Extending the Factory

Add a new dataset

  1. Create a YAML layout in TMS-layouts/, e.g.:

    parameters:
      date_from:
        value: "2025-01-01"
      date_to:
        value: "2025-01-31"
    
  2. Add a line in dag_factory.py:

    create_dag("w_ODS_TMS_NEWENTITY")
    
  3. Deploy the DAG file to Airflow.

Run a DAG manually

In the Airflow UI:

  1. Find DAG w_ODS_TMS_<ENTITY>.
  2. Trigger DAG → optionally override visible parameters.
  3. Monitor logs for retrieve_report.

Diagram

DAG Factory Flow

flowchart LR
  subgraph DAGFactory["Dag Factory"]
    direction TB
      B["Load TMS config (TMS.yml)"] --> C["Load dataset layout (YAML)"]
      C --> D["Extract visible & hidden parameters"]
      D --> E["Define Airflow DAG with retrieve_report task"]
      E --> F["Register DAG globally"]
      F --> G["Repeat for each dataset name"]
      G --> H["All DAGs available in Airflow"]
  end
  A["Airflow parses dag_factory.py"] --> DAGFactory

Sample DAG Execution Flow

flowchart LR
  subgraph ExampleDAG
    direction TB
      B[Read YAML configs] --> C[Build parameter combinations]
      C --> D["Evaluate select(...) and replace virtual params"]
      D --> E["Init workflow (mr.init_workflow)"]
      E --> F["Run TMSDB.py retrieve (subprocess)"]

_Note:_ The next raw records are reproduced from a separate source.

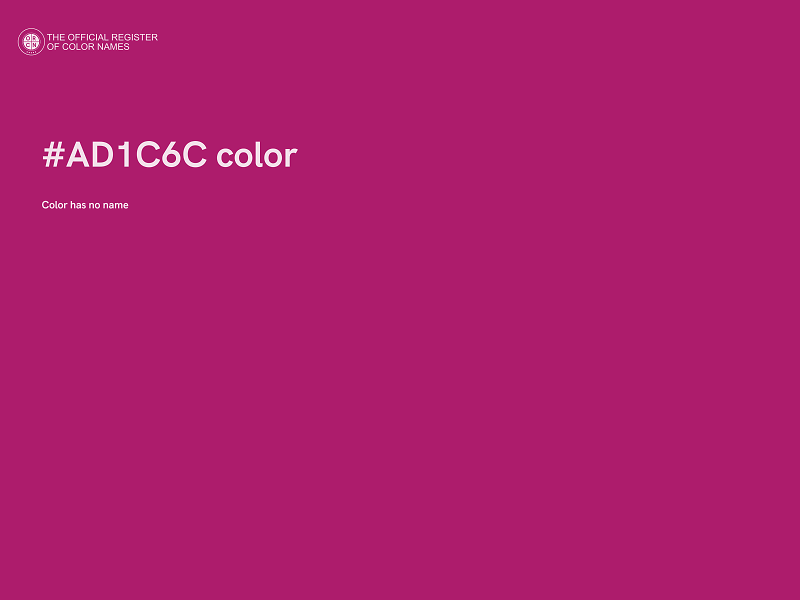 #AD1C6C color image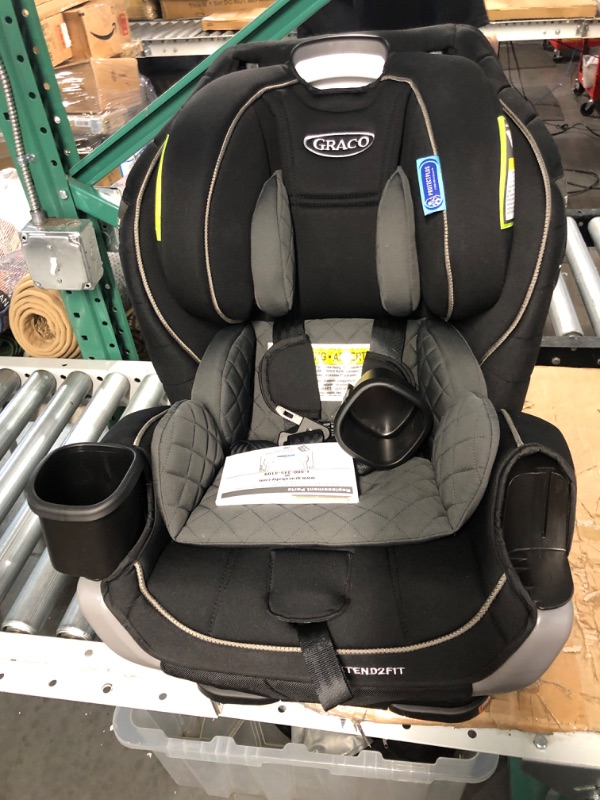 Photo 2 of Graco Extend2Fit 3 in 1 Car Seat | Ride Rear Facing Longer with Extend2Fit, featuring TrueShield Side Impact Technology, Ion , 20.75x19x24.5 Inch (Pack of 1) 3-in-1 Ion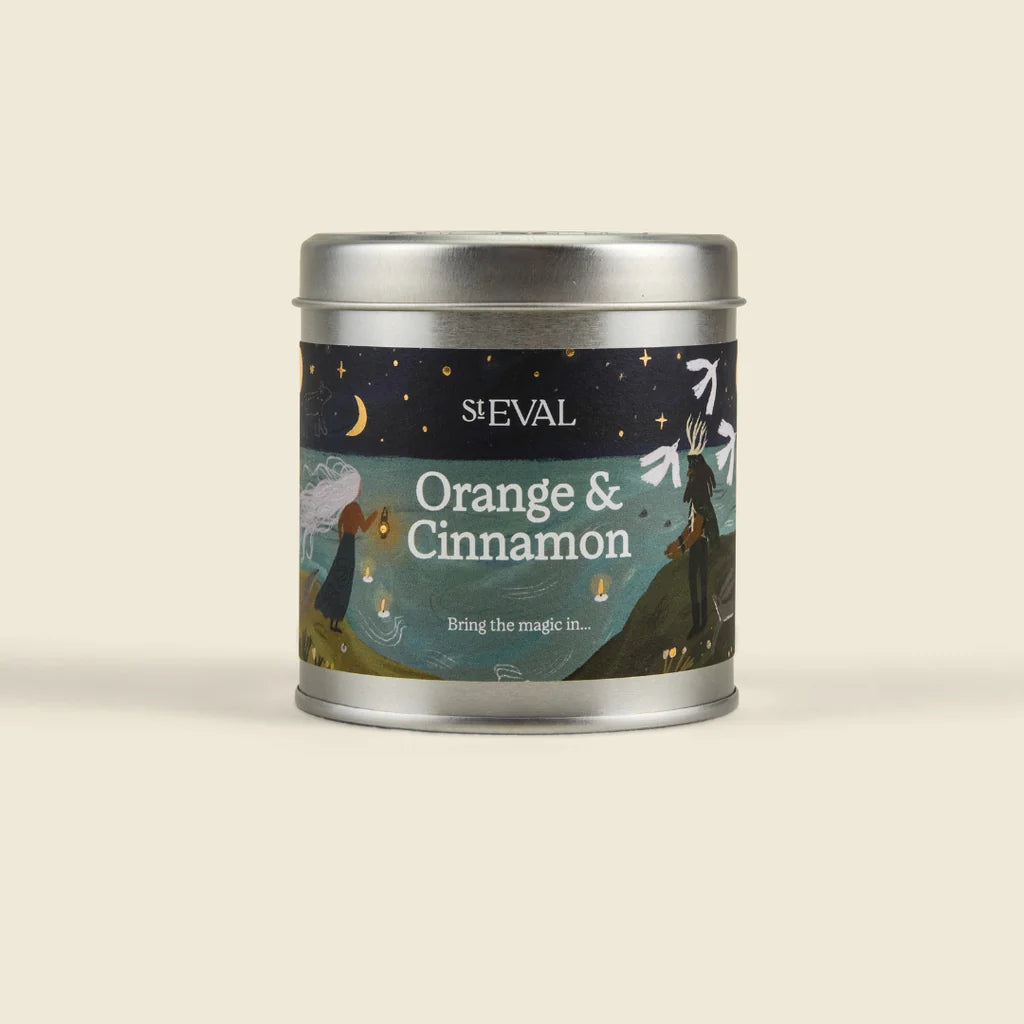 Orange & Cinnamon candle Tin - THE BRISTOL ARTISAN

      %% Branches on return codes
      F --> |rc=1: No data| G[Finalise workflow success]
      F --> |rc=0: Data returned| H[Check if source file config exists]
      F --> |rc!=0: Error| M[Finalise workflow failure]

      %% Config missing branch
      H --> |"Config missing (first run)"| I[Run TMSDB.py create-oracle-table → Generate DDL]
      I --> J[Execute DDL via mf.execute → Create Oracle external table]
      J --> K["Register file source config (mf.add_source_file_config)"]
      K --> L["Process landed file (mf.process_source_file)"]
      L --> N[Finalise workflow success]

      %% Config exists branch
      H --> |Config exists| P["Process landed file (mf.process_source_file)"]
      P --> N[Finalise workflow success]
  end

Dependencies

  • Airflow 2.x
  • Python 3.9+
  • mrds package (providing utils.manage_files and utils.manage_runs)
  • Oracle client / Impala client (for table creation & querying)
  • Object storage client (for uploading CSVs)

Summary

The DAG factory is a scalable way to create dozens of ingestion DAGs for TMS datasets with minimal boilerplate. It leverages:

  • YAML configs for parameters,
  • TMSDB CLI for data retrieval and DDL generation,
  • MRDS utilities for workflow tracking and file handling.

It standardizes ingestion while keeping each datasets DAG lightweight and uniform.